::: EXERCISE INPUT :::

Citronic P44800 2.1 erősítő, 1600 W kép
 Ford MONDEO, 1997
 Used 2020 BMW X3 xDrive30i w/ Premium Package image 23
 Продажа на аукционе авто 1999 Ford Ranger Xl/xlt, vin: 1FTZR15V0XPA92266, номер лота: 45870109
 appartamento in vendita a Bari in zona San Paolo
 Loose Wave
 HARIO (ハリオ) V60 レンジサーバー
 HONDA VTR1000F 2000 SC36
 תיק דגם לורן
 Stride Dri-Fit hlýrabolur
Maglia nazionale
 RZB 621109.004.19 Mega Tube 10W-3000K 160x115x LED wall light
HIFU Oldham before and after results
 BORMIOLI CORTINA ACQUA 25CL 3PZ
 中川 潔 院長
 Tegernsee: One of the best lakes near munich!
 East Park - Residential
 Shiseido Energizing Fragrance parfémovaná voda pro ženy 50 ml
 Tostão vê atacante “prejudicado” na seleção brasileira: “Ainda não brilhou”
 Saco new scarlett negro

:::

**YOUR INSTRUCTIONS**
Each line of the data that contains "Ford" belongs in the answer.

**EXPECTED ANSWER**
 Ford MONDEO, 1997
 Продажа на аукционе авто 1999 Ford Ranger Xl/xlt, vin: 1FTZR15V0XPA92266, номер лота: 45870109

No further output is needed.